TED Countdown Summit 2025 takes place against the backdrop of a fast-moving climate crisis and an energy transition that’s fully underway. On day 1, a remarkable line-up of speakers, spanning sectors and geographies, gathered to put a thumb on the scale and tip the world in the right direction. Here are some key takeaways from day 1:
The clean energy era will be an age of radical abundance. Renewables entrepreneur Matt Tilleard tears down the old narrative of energy as a zero-sum game, showing how the renewable revolution is shifting power from those who hoard fuel to those who innovate and deploy technology. He makes the case that renewable tech will become too plentiful for any OPEC-style chokehold, so power will be shared instead of controlled. Clean energy visionary Lei Zhang picks up this thread in the Gobi desert, home to one of the world’s largest green hydrogen projects, exploring how this and other barren landscapes hold more energy reserves than the world consumes today. “Where others see emptiness, I see abundance,” he says. James Irungu Mwangi, founder and CEO of Africa Climate Ventures, completes the vision by showcasing how Africa’s young workforce is already turning waste biomass and sunshine into jobs, food security and scalable carbon removal — proving climate action can pay today and supercharge growth tomorrow.

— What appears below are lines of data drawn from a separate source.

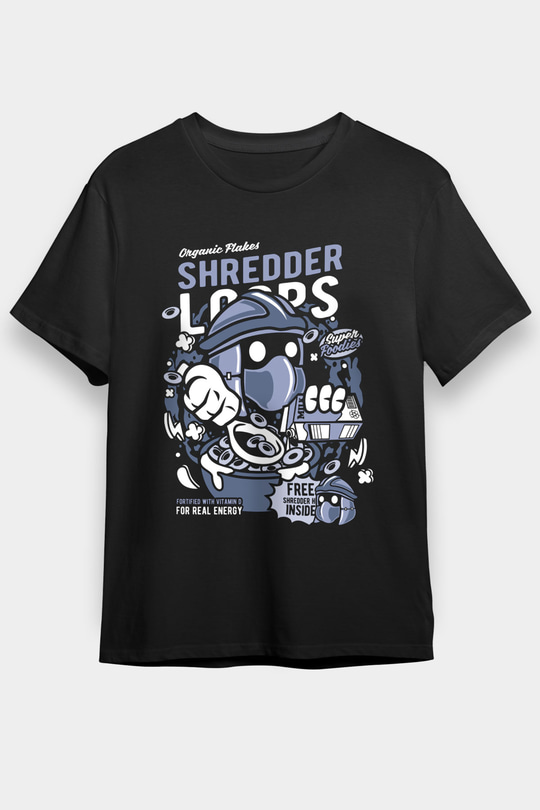 Shredder Loops Baskılı Siyah Unisex Tshirt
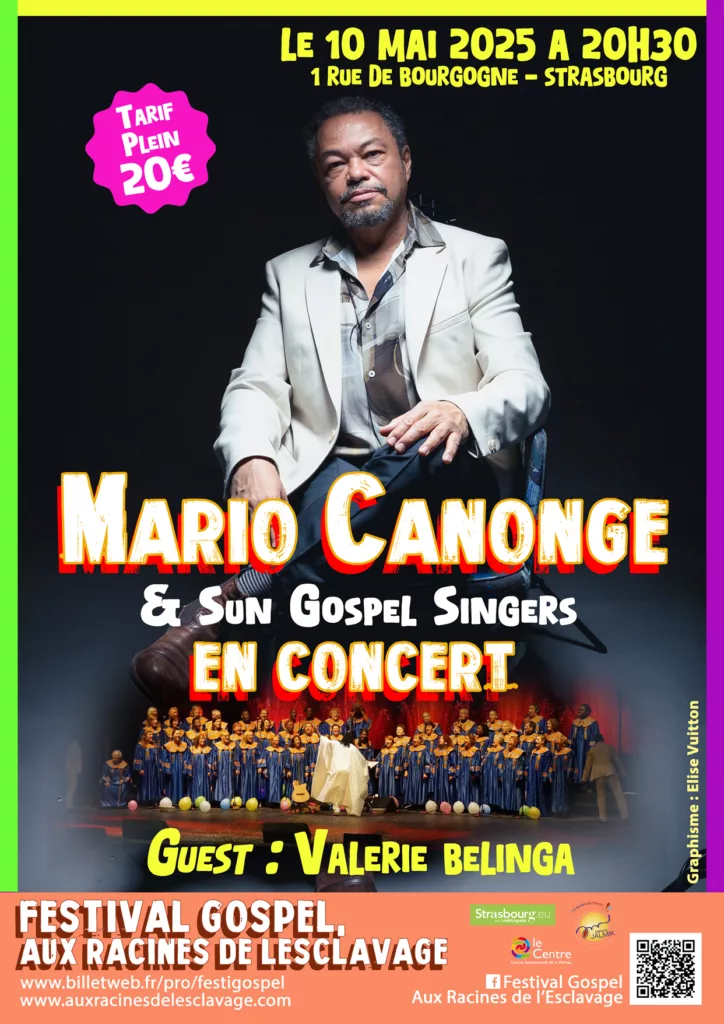 Mario Canonge sera présent au Festival Gospel, Aux Racines de l'Esclavage pour un concert jazz, le Samedi 10 Mai à 20h30. Il sera accompagné par les Sun Gospel Singers et de la grande Valerie Belinga !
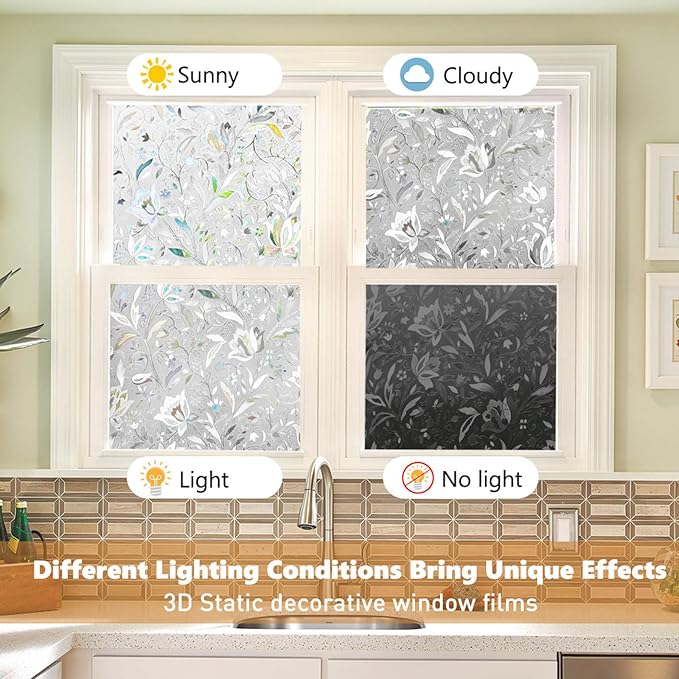 Kromapolis Window Film, Window Privacy Film, Window Vinyl Glass Covering, Stained Glass Decorative Film, Window Film Privacy Frosted Static Clings, Non-Adhesive, No-Glue (23.6 x 157.4 inch)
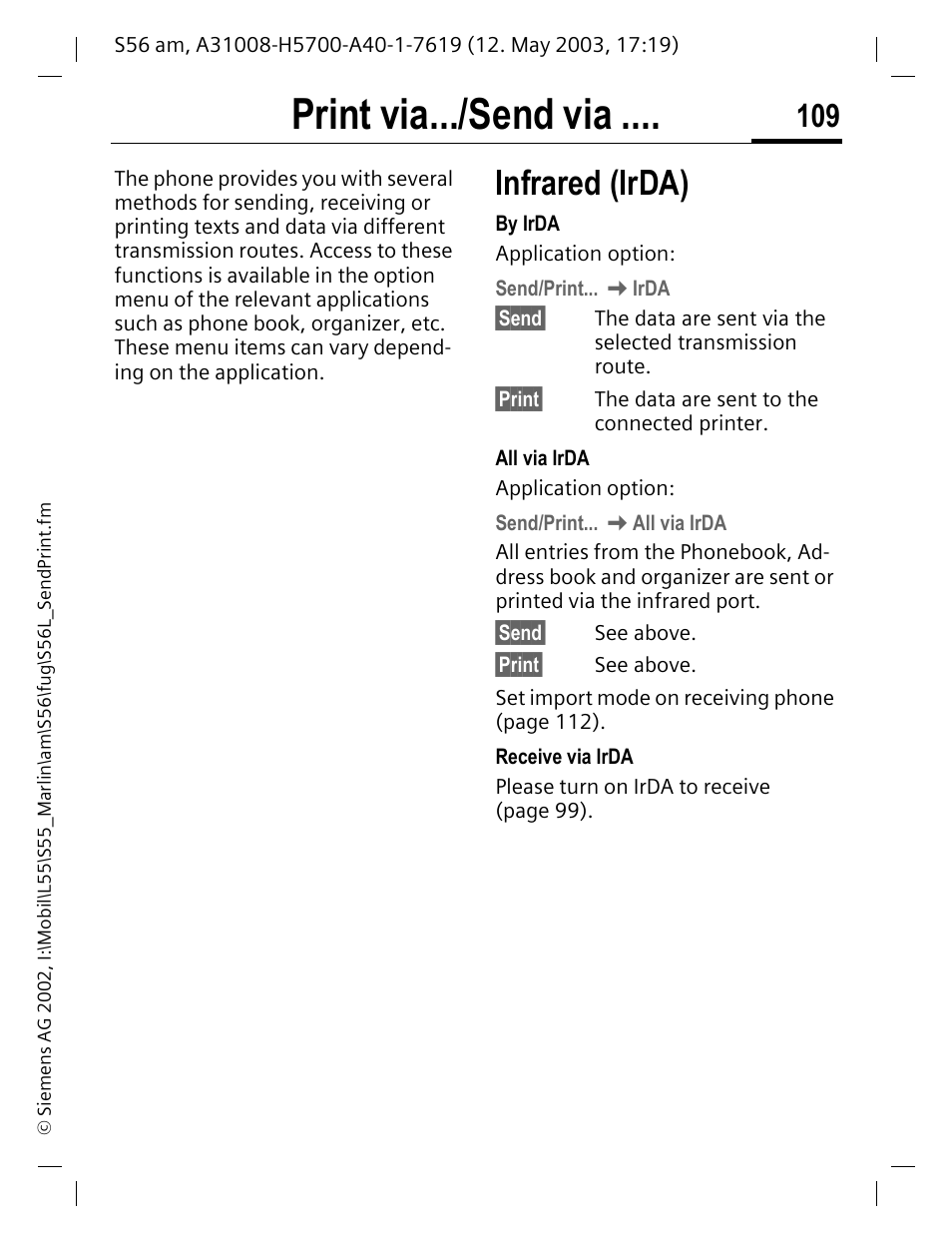 Print via.../ send via, Print via.../send via, Infrared (irda) | Siemens S56 User Manual | Page 109 / 152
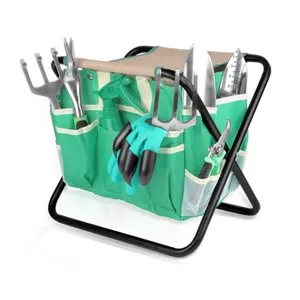 Kits d'outils de jardin verts dans un sac en tissu avec tabouret pliant 10 pièces ensemble d'outils de jardin à poignée en acier et en plastique pour femmes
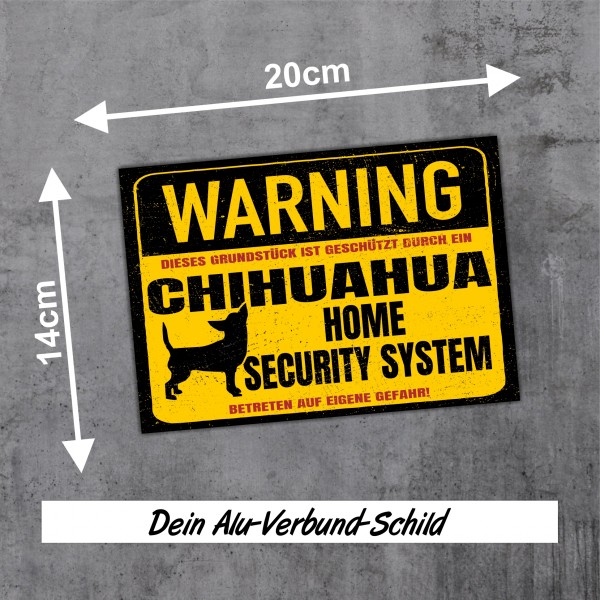 Chihuahua Chi Chis Dog Schild Warning Security System Türschild Hundeschild Warnschild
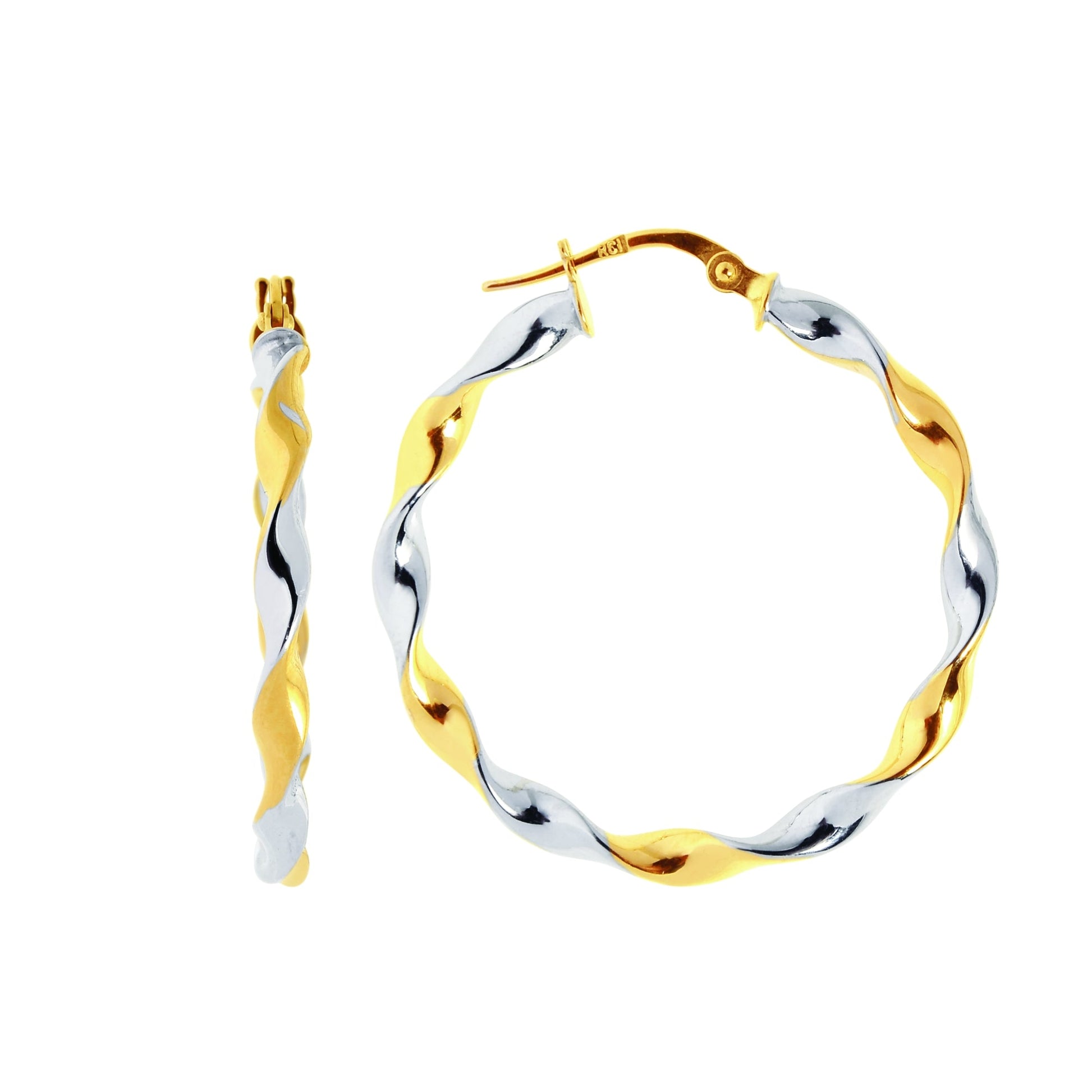 Royal Chain 14K Gold Medium Round Twist Hoop Earring ER925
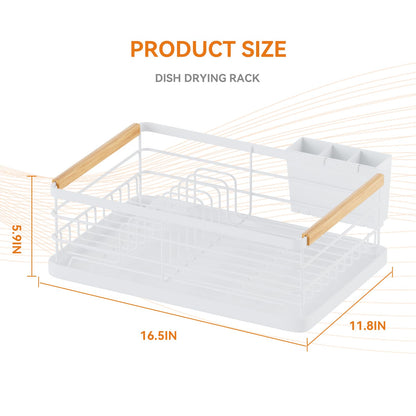 BRIAN & DANY Dish Drying Rack, Dish Racks for Kitchen Counter, Stainless Steel Dish Drainer with Removable Cutlery Holder & Drainboard, White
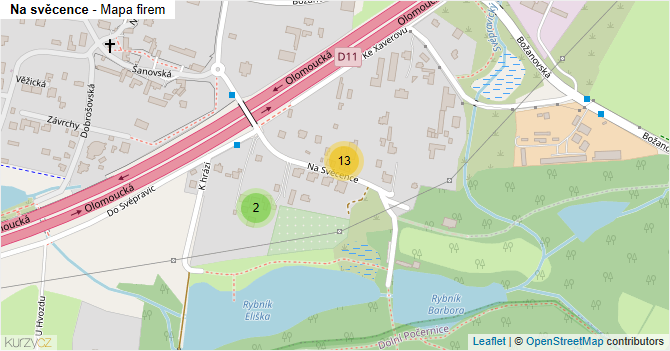 Na svěcence - mapa firem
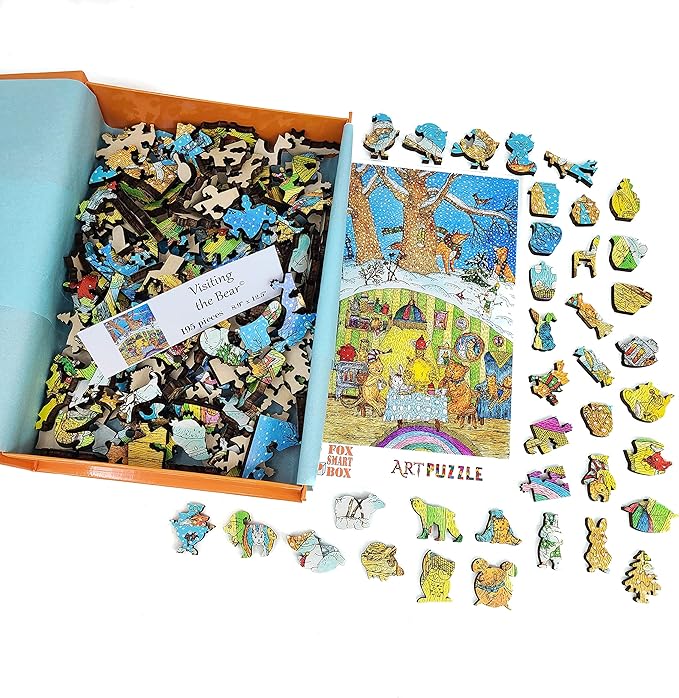 Wooden Jigsaw Puzzle for Adults - Uniquely Shaped Pieces - Made in The USA by FoxSmartBox - 195 Pieces - Visiting The Bear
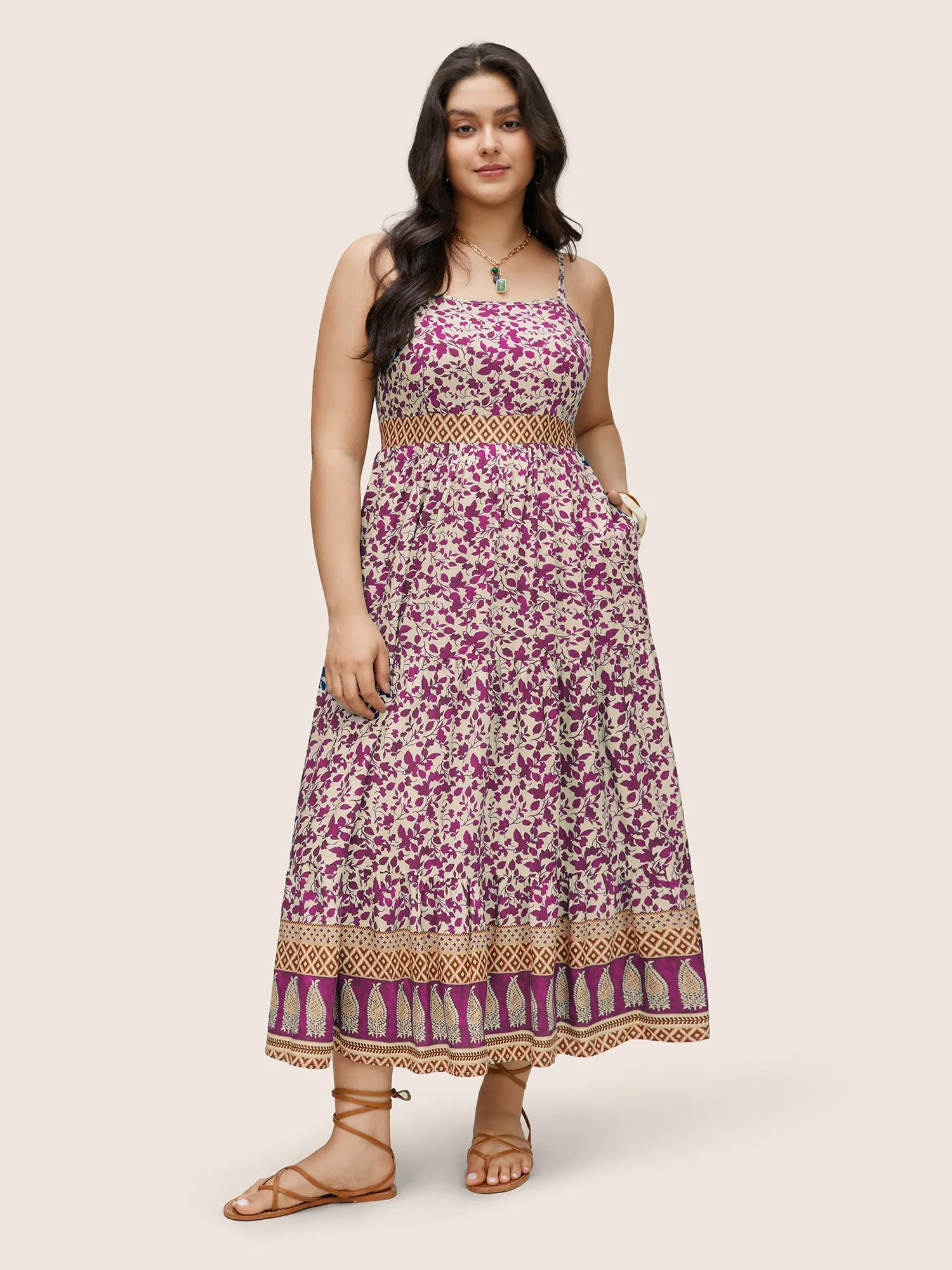 Boho Print Patchwork Adjustable Straps Cami Dress sold by Bloomchic product image thumbnail 2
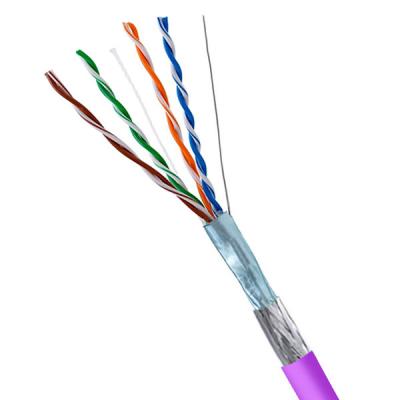 China 24AWG SFTP CAT5E kabel 100MHz Paarse PVC jas afgeschermd LAN kabel 500FT Te koop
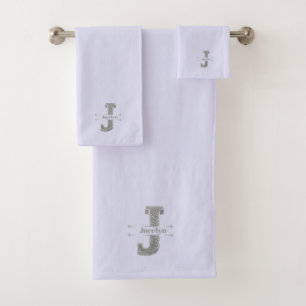 Personalized J Initial Silver Monogram Your Name Bath Towel Set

Sustainable relationships with nature create opportunity and address climate challenges, at every scale. At the local level, Kenyan farmer Josephine Waweru demonstrates how small-scale technological solutions like solar-powered irrigation can transform individual farms and lives in the face of climate uncertainty. At the national level, civic entrepreneur Ilona Szabó de Carvalho advocates for an economic paradigm that values standing forests over cleared land, creating “nature superpowers” through bioeconomies and innovative financial mechanisms. Both Waweru and Carvalho emphasize that nature-aligned economies outperform destructive practices.